The bushes are overgrowing the (page right) side of the bench, which means that the bench is not being maintained properly and should show some dirt and weathering due to its proximity with nature and its neglect.

The brick wall kind of gives NYC Central Park vibes, but from the Japanese maple and lanterns, its supposed to be in Japan?

The perspective of the brick wall's lines, the bench's straight lines, and the path's lines are out of alignment.  The "scale" of the lanterns seems too small and their light is too "sharp" on the edges.  The scale of the planks for the bench seem to be too small and the parallel lines draw a lot of attention to the perspective issues.  That's not a traditionally Japanese bench, it looks western and upper class, perhaps private (no homeless barrier).

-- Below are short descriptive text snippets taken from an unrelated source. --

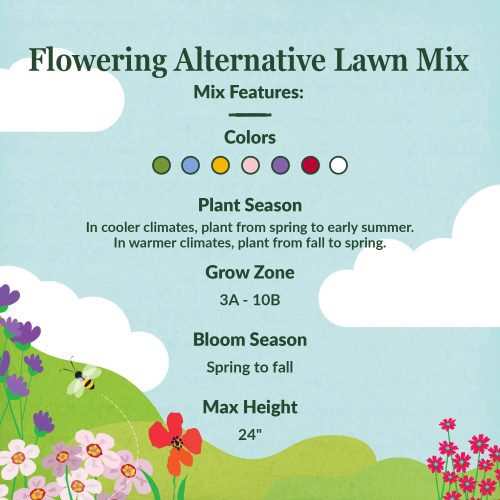 WF 00 Flowering Alternative Lawn Mix Feature summary Compressed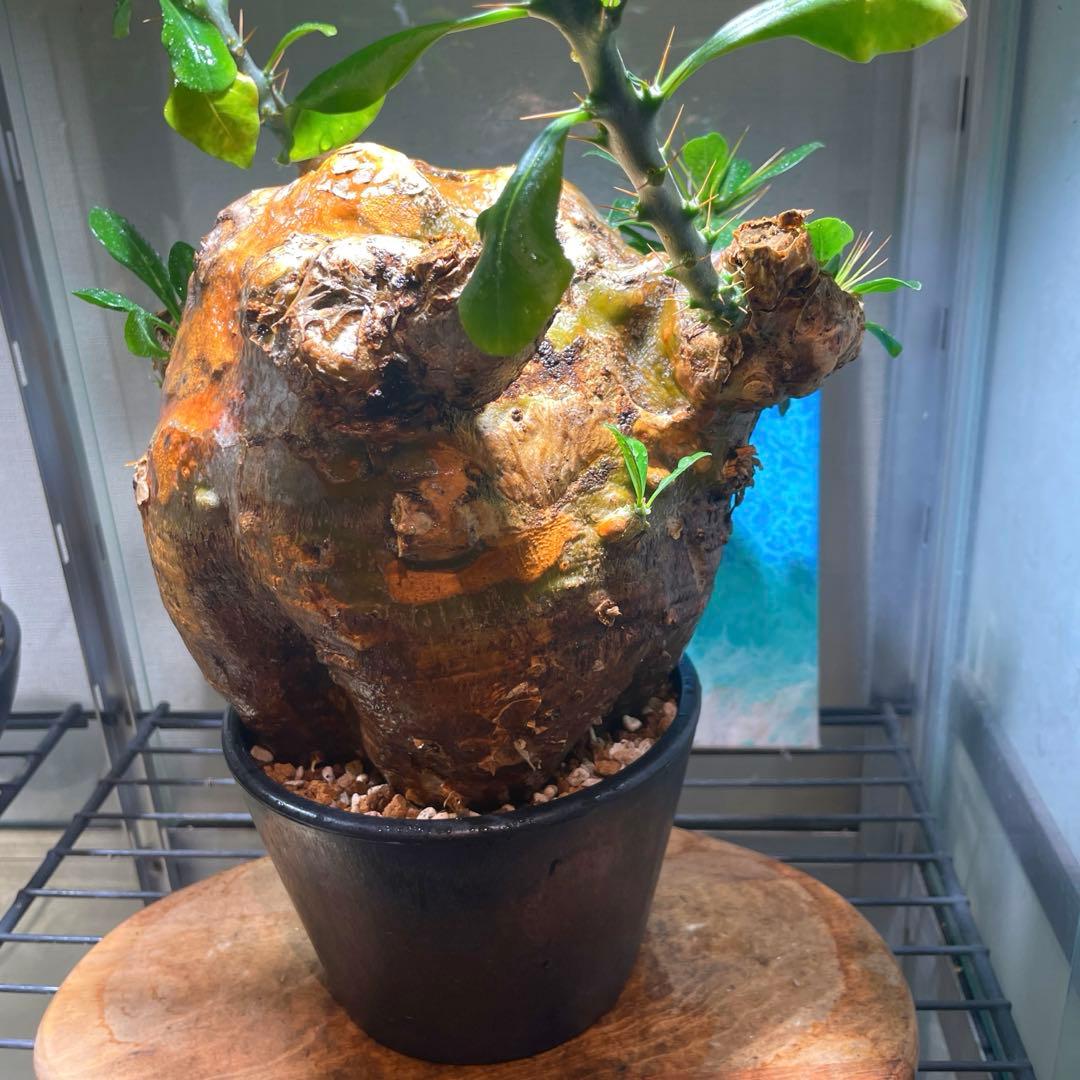 牛骨頭部　オレンジ肌　パキポディウム　サウンデルシー　サンデルシー　現地球発根済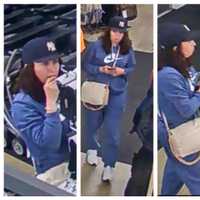 <p>Police on Long Island are asking the public for help identifying a woman who allegedly stole credit cards and then used them.</p>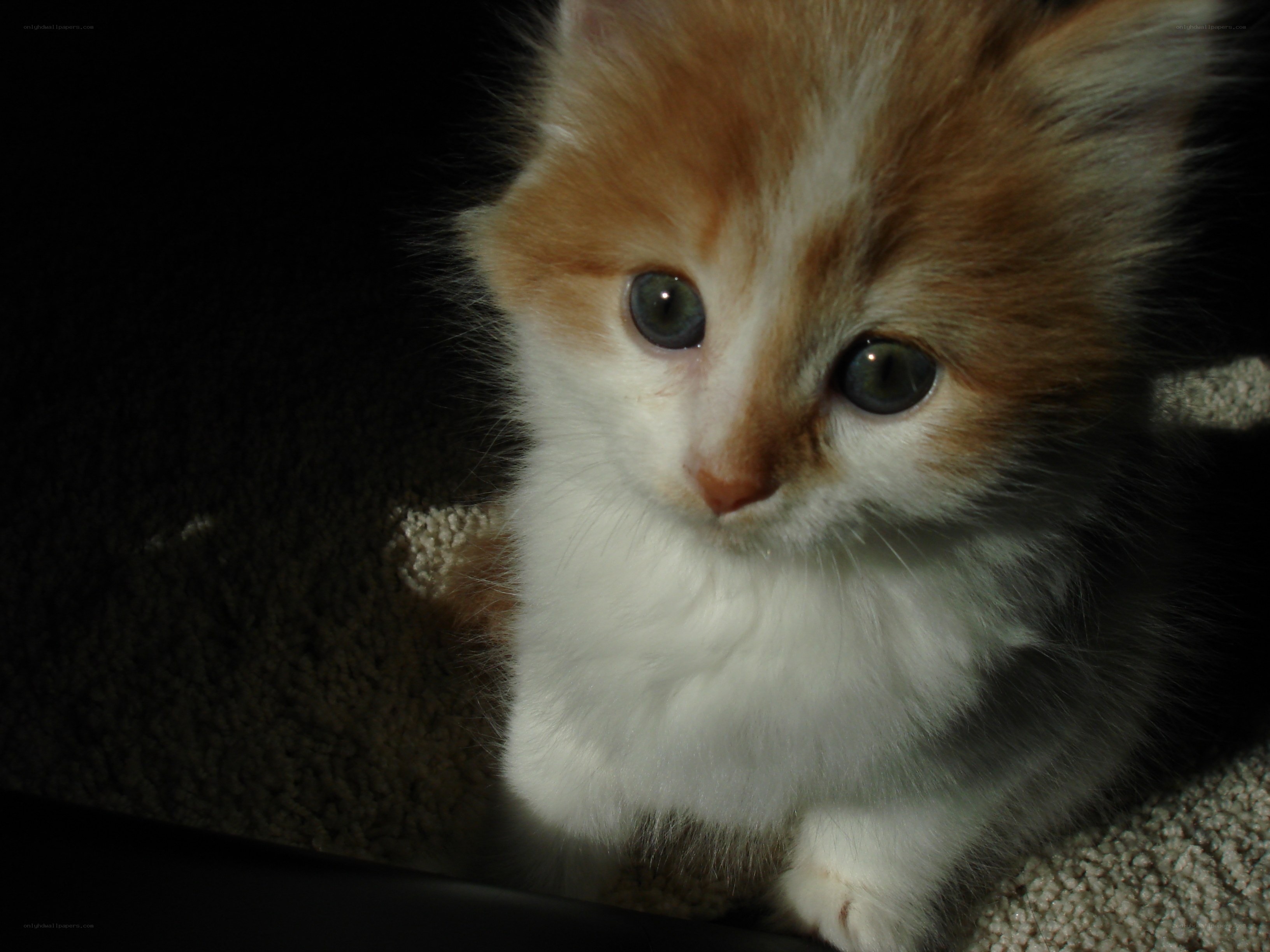 fluffy orange and white kitten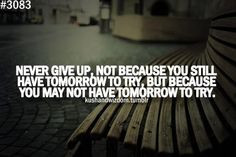 NEVER GIVE UP. Not because you still have tomorrow to try, but because ...
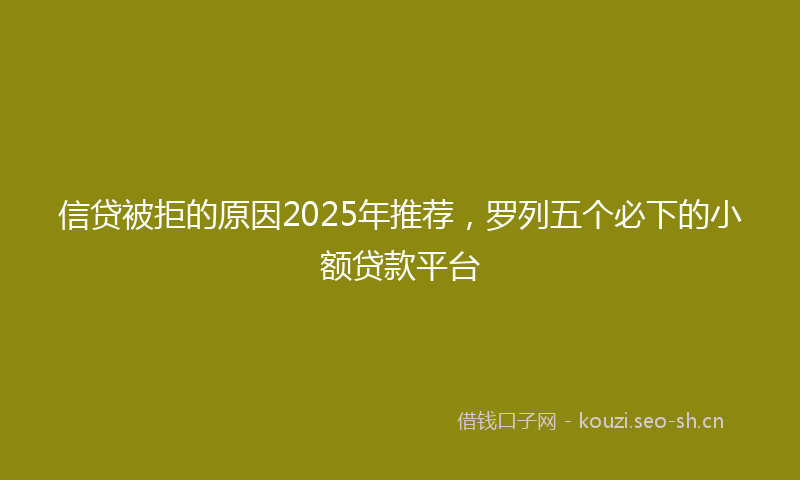 信贷被拒的原因2025年推荐，罗列五个必下的小额贷款平台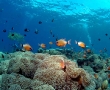 reef-paradise.jpg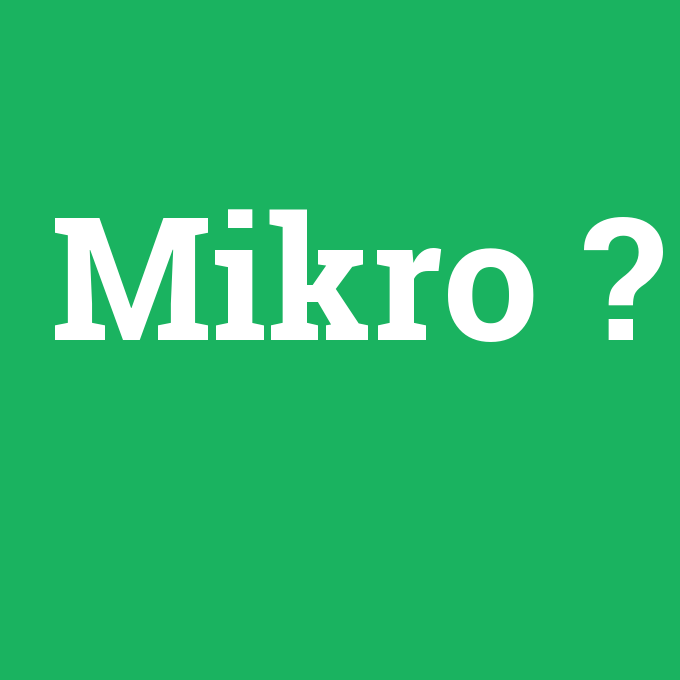 Mikro, Mikro nedir ,Mikro ne demek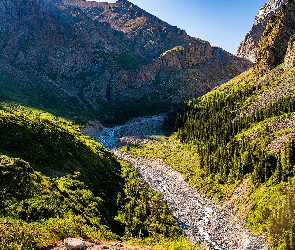Kirgistan, Dzień, Słoneczny, Park Narodowy Ala Archa, Potok, Skała, Kamienie, Drzewa, Góry Tienszan, Roślinność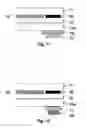 Fig. 07 - Glazing
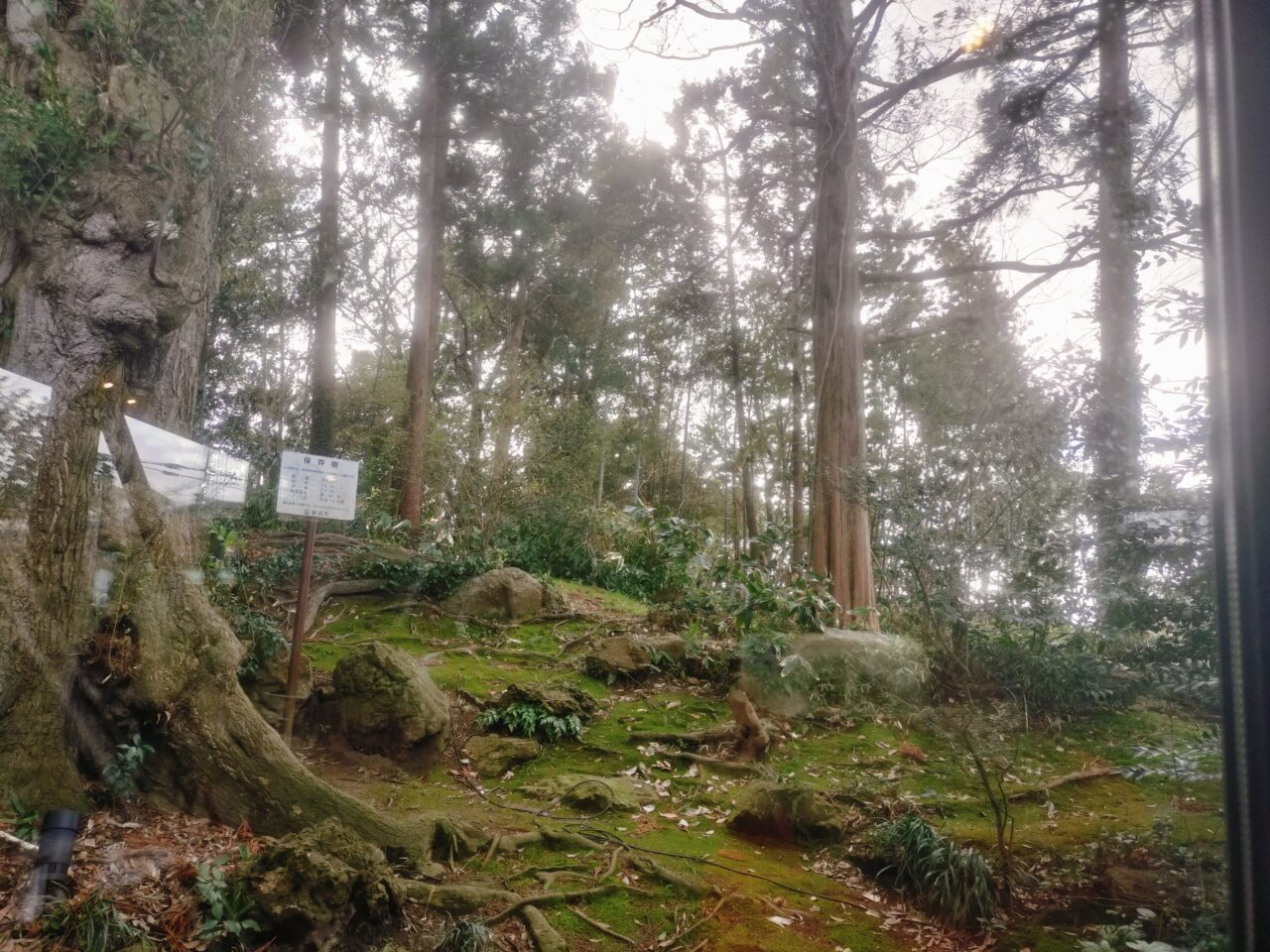 AallaZの店内からの景色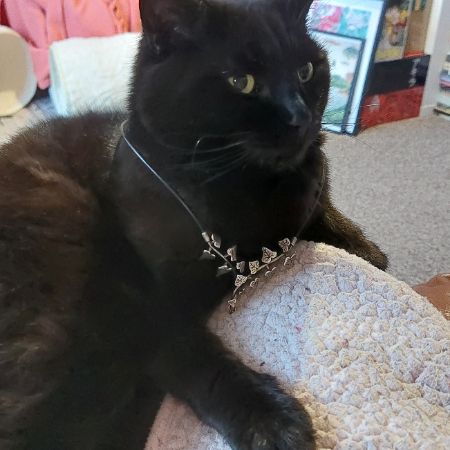 Missing Domestic Short Hair Cats in Leeds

The "slats of light" under the bench imply a strong overhead sun on a clear day, but the lamps have hard edges like night, and the "color vibe" of the background is twilight.  Maybe soften the edges on the ground-shadow under the bench, add some diffuse color down there, and dim the lanterns?

=

What is does well are the colors, the plants, and the top-down perspective on the character.  The character looks the best and is the best placed within the environment.  I feel like the lines and background perspective should draw more attention (lead the eye to) this character, who is the central focus.  I feel that the crows is a great idea, but perhaps they should lead the eye to the character with a burd seated on the empty seat on the bench (a burd on the bench) -- the burds lead the eye to the top of the brick wall as currently stands, so if that is significant keep it, but consider bringing it more closer to the character.

Character is solid due to his well executed perspective, the clothing and hair would be a good place to add additional detail.

Overall solid~
leglegleg
2 months, 4 weeks ago
thanks for the critique! it's not often i get such detailed responses regarding the technical aspects of my stuff.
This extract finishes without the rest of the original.